Instructions to follow =
Below are some entries. Repeat exactly the lines from the one with "#となりの坂田誕生祭2025" through the one with "Sneaker, TAUPE/SNAKE, hi-res", and only those.

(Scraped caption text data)
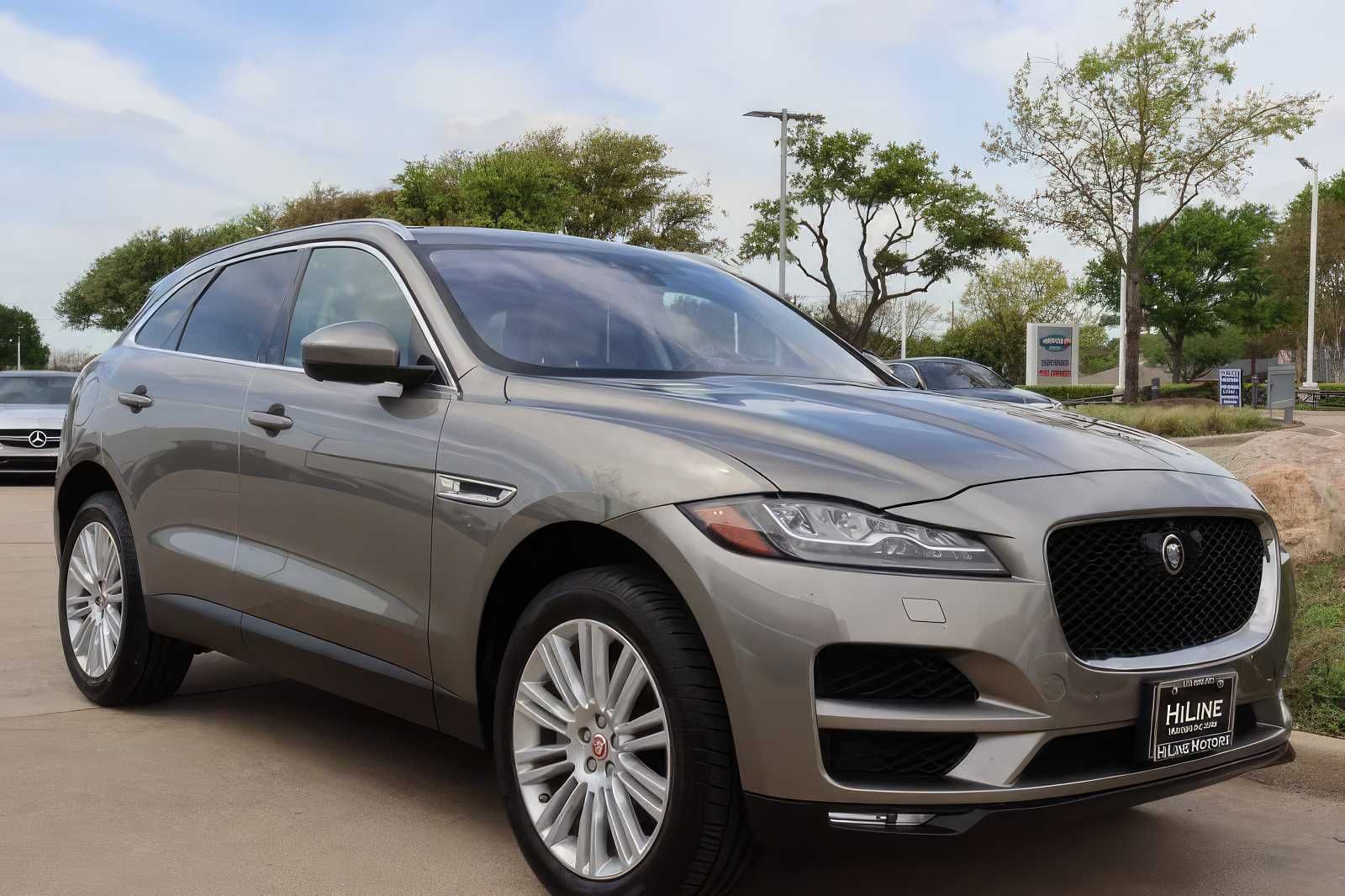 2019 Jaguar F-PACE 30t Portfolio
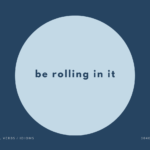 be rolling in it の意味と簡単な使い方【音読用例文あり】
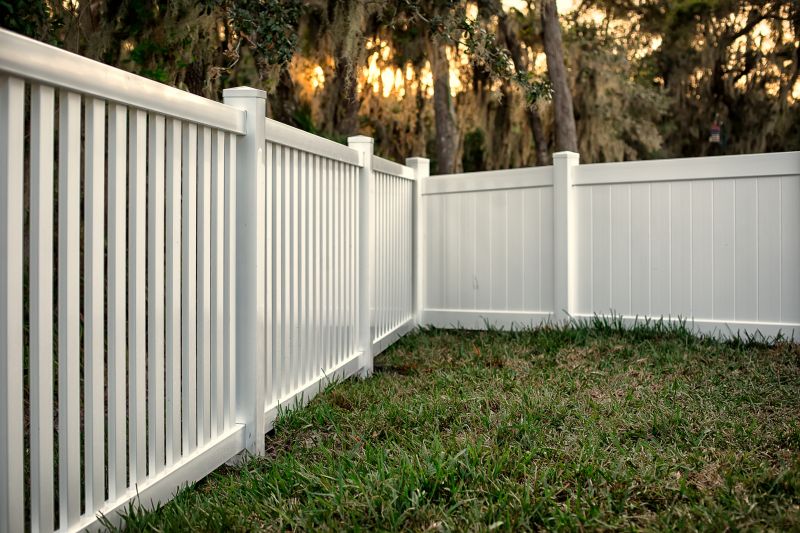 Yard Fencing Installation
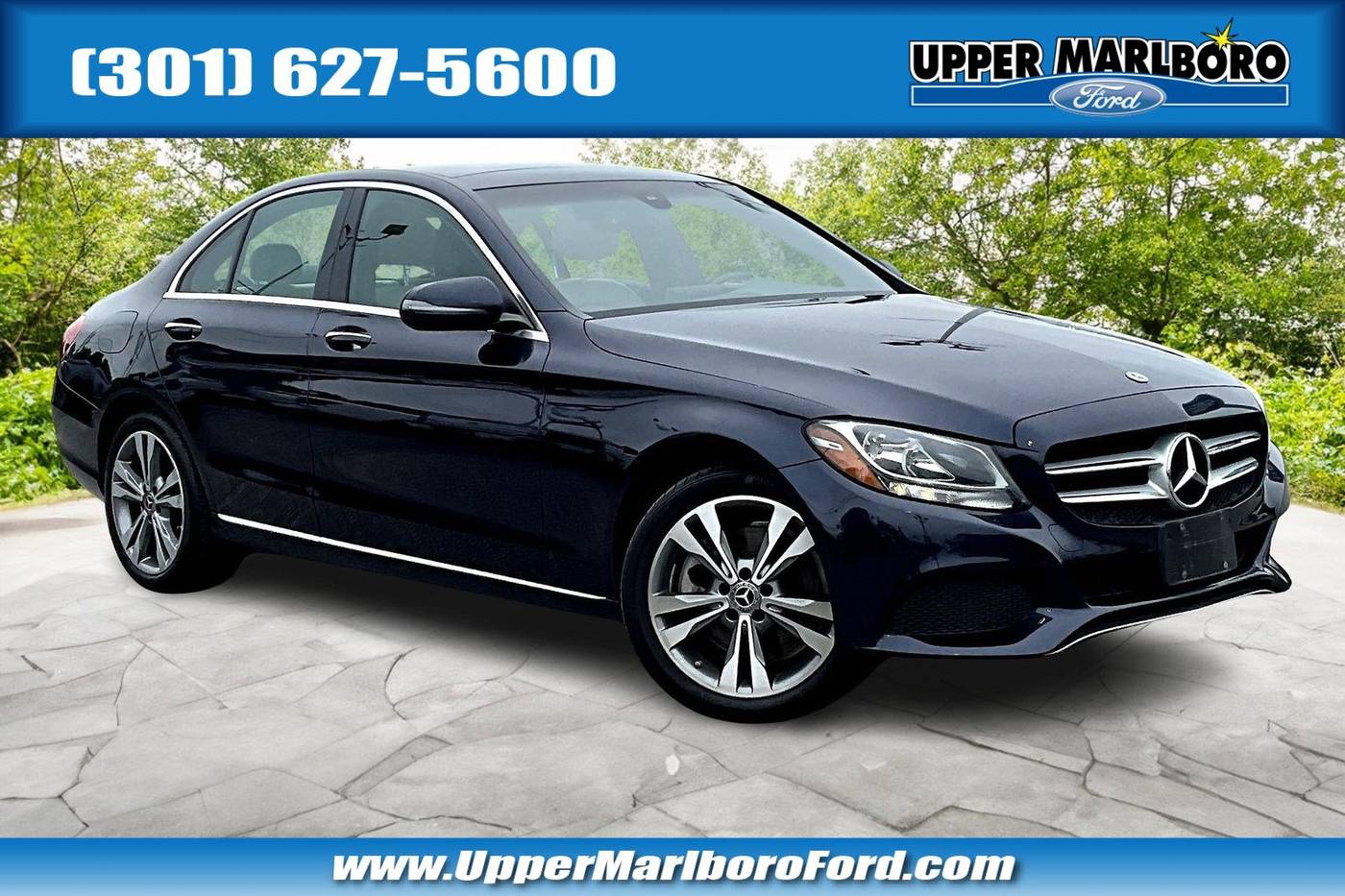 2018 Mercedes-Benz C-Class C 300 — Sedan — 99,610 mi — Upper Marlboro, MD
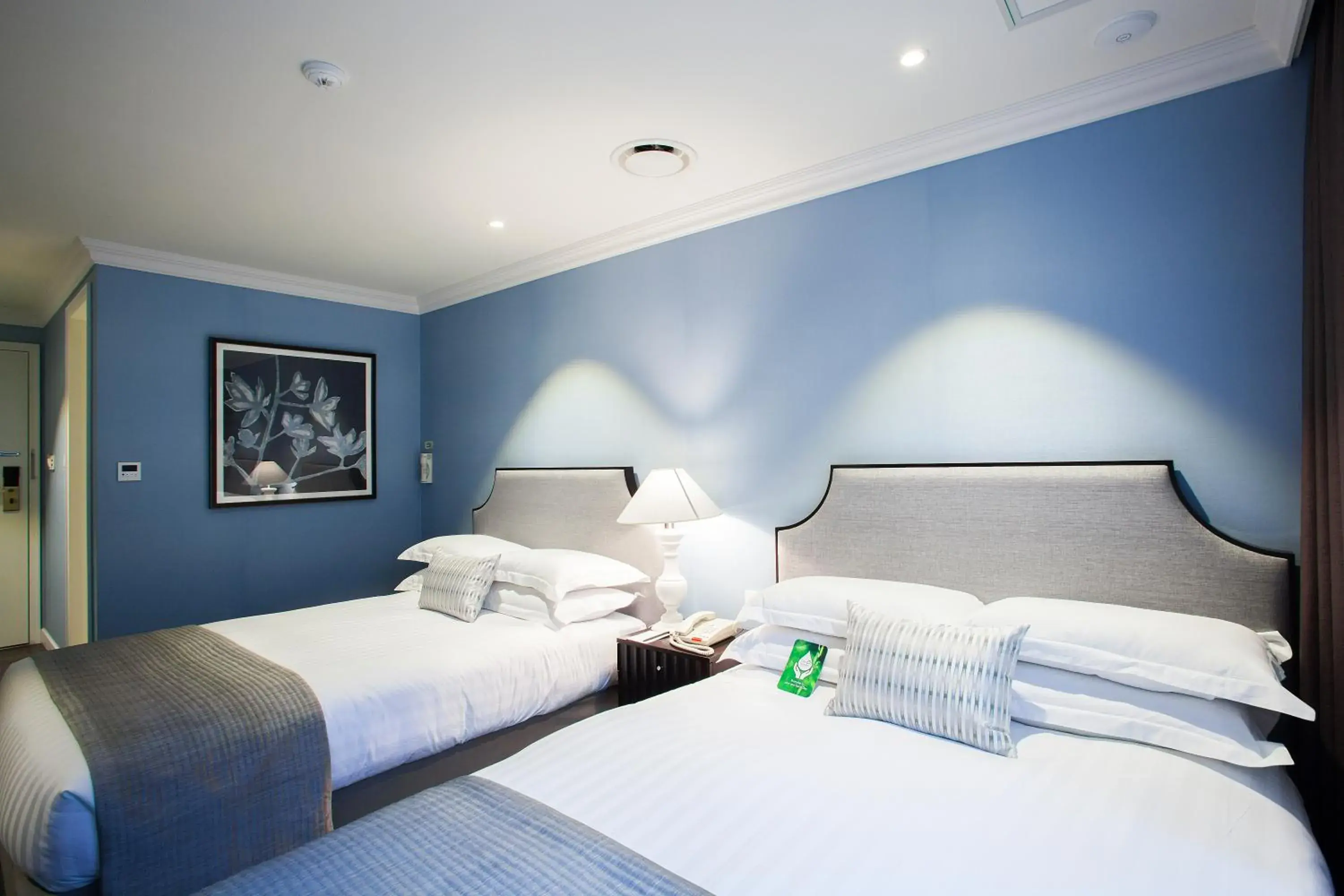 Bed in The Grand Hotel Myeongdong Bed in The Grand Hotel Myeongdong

* * *

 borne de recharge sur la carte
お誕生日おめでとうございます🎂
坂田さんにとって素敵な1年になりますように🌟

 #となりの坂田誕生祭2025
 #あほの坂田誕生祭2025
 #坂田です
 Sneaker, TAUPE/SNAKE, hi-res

Your solution =
 #となりの坂田誕生祭2025
 #あほの坂田誕生祭2025
 #坂田です
 Sneaker, TAUPE/SNAKE, hi-res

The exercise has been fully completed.